▶ _WHAT TO WORK ON_: In the data below, find each line that contains the word "Genesis" and copy it.

(Stored data entries)

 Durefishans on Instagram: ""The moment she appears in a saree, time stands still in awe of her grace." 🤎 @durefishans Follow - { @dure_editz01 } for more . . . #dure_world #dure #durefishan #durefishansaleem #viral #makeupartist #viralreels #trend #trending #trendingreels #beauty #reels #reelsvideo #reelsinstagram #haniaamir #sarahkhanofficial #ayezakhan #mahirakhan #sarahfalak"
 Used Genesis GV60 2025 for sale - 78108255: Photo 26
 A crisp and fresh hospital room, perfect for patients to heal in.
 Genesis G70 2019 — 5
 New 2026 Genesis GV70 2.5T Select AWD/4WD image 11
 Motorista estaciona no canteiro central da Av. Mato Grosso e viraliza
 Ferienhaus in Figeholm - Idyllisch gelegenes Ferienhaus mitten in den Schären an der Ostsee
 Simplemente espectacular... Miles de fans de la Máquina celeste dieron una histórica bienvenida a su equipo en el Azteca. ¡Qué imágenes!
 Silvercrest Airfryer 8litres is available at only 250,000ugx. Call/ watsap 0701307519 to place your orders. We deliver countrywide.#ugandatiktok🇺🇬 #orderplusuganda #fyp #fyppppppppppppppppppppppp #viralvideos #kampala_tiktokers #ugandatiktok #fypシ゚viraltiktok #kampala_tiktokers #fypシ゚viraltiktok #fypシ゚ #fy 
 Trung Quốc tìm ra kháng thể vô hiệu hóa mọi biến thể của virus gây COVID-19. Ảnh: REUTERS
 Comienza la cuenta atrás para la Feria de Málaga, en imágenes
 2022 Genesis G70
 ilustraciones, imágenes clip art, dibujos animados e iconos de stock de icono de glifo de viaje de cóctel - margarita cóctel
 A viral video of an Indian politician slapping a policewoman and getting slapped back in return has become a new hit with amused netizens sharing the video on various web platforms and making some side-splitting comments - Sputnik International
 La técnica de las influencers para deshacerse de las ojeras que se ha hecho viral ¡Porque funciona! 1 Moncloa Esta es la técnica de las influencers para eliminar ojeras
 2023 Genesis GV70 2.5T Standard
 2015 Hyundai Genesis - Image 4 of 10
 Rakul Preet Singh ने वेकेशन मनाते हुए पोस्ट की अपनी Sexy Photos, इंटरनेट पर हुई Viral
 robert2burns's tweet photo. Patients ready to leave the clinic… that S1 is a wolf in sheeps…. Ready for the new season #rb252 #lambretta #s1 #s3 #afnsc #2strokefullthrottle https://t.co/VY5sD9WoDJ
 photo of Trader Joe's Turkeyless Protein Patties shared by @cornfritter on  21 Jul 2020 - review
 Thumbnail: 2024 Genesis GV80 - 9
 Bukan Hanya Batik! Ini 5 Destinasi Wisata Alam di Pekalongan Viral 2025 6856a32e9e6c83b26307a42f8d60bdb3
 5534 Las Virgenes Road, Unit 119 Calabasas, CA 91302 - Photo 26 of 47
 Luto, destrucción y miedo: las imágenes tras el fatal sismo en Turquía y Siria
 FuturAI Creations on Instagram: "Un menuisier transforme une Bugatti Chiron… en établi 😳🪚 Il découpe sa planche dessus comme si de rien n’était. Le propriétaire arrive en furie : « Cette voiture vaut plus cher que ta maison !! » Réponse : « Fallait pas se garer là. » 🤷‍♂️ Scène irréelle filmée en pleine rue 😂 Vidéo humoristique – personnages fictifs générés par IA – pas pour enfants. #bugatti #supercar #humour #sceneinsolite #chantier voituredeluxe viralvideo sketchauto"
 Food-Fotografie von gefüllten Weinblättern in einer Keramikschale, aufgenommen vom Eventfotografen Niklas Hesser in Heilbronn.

▶ _WRITTEN SOLUTION_:
 Used Genesis GV60 2025 for sale - 78108255: Photo 26
 Genesis G70 2019 — 5
 New 2026 Genesis GV70 2.5T Select AWD/4WD image 11
 2022 Genesis G70
 2023 Genesis GV70 2.5T Standard
 2015 Hyundai Genesis - Image 4 of 10
 Thumbnail: 2024 Genesis GV80 - 9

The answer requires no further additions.